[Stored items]
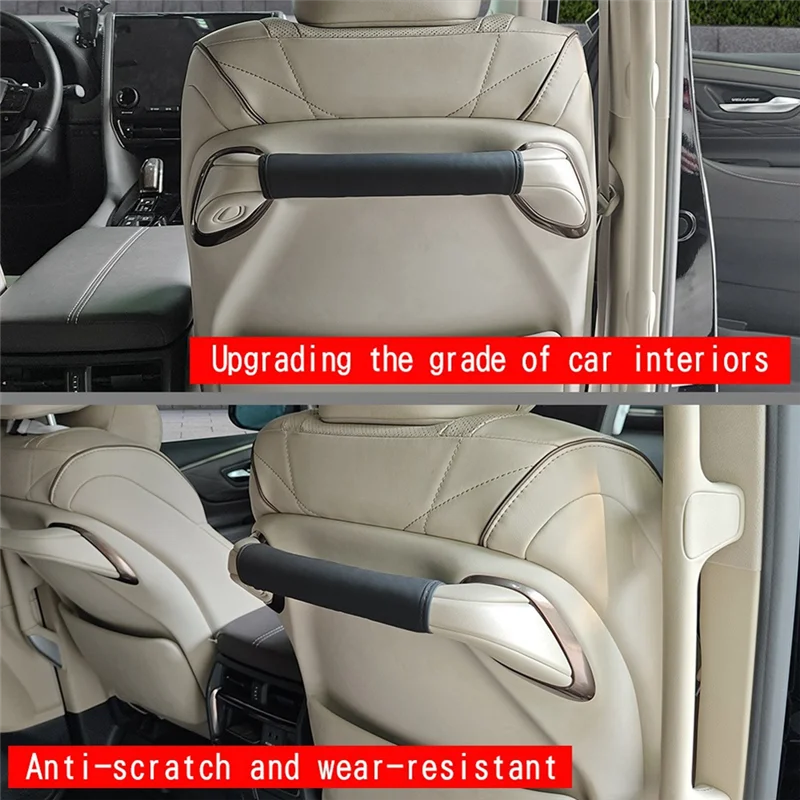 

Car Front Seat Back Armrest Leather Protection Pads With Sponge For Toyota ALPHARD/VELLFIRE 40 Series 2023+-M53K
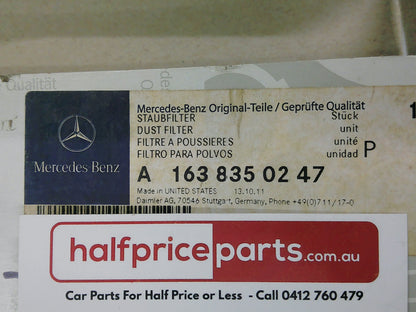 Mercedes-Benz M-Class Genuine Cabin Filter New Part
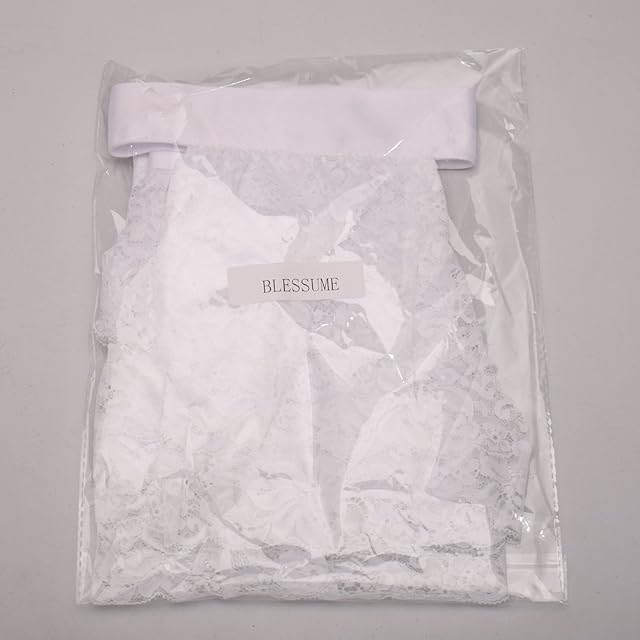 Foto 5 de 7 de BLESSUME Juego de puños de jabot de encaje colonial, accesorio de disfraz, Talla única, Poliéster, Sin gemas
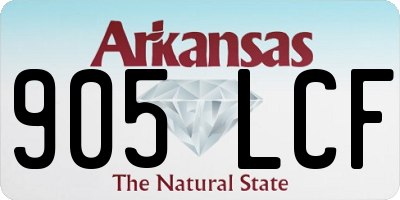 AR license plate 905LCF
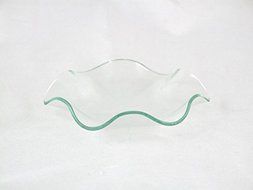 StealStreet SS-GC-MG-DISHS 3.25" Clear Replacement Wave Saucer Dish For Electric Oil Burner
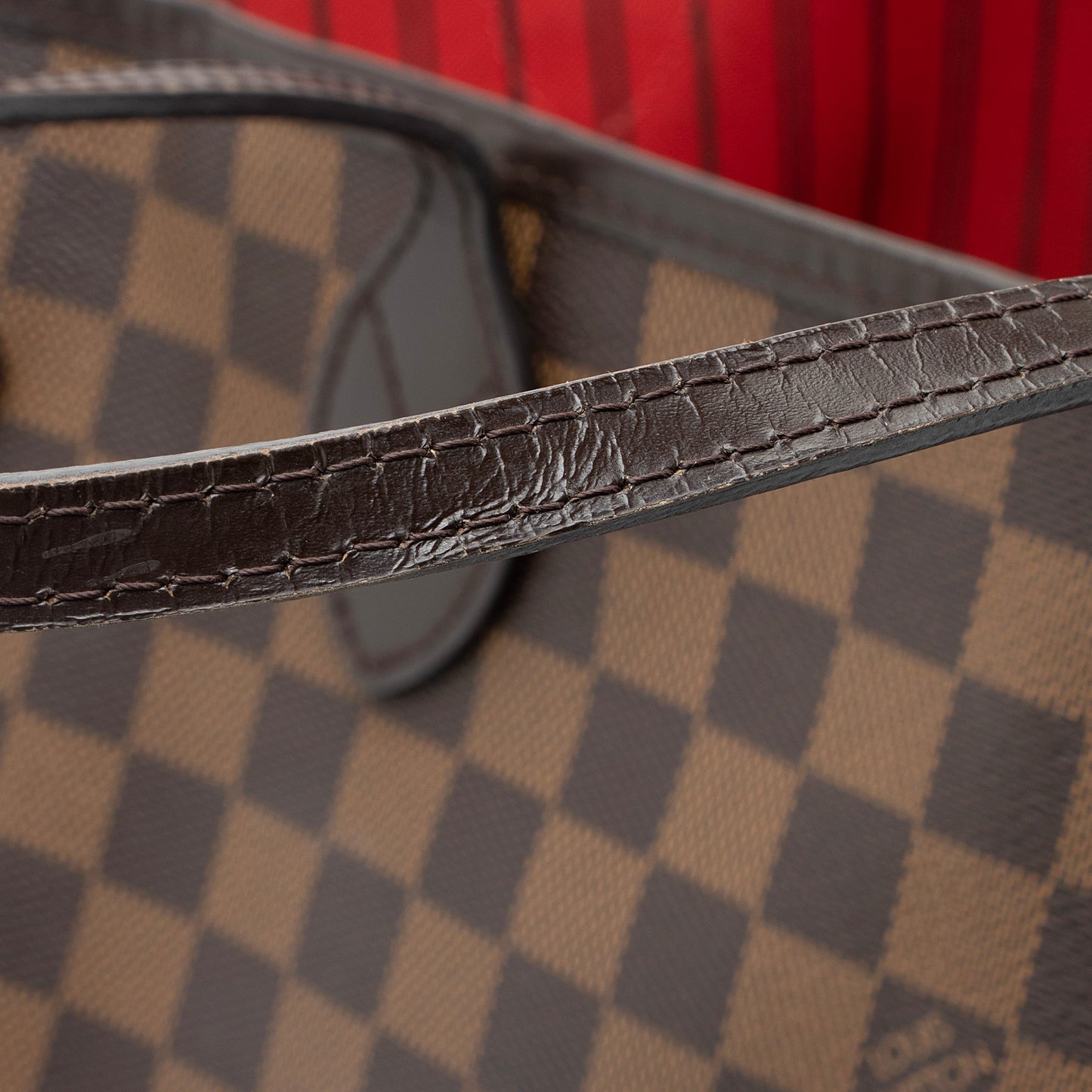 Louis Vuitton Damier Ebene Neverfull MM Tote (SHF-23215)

Action item
Transcribe exactly the span of lines that opens with the line holding "Mercedes-Benz M-Class Genuine" and closes with the last line of the entries above. Omit pictures.

Written response
 Mercedes-Benz M-Class Genuine Cabin Filter New Part
 Foto 5 de 7 de BLESSUME Juego de puños de jabot de encaje colonial, accesorio de disfraz, Talla única, Poliéster, Sin gemas
 AR license plate 905LCF
 StealStreet SS-GC-MG-DISHS 3.25" Clear Replacement Wave Saucer Dish For Electric Oil Burner
 Louis Vuitton Damier Ebene Neverfull MM Tote (SHF-23215)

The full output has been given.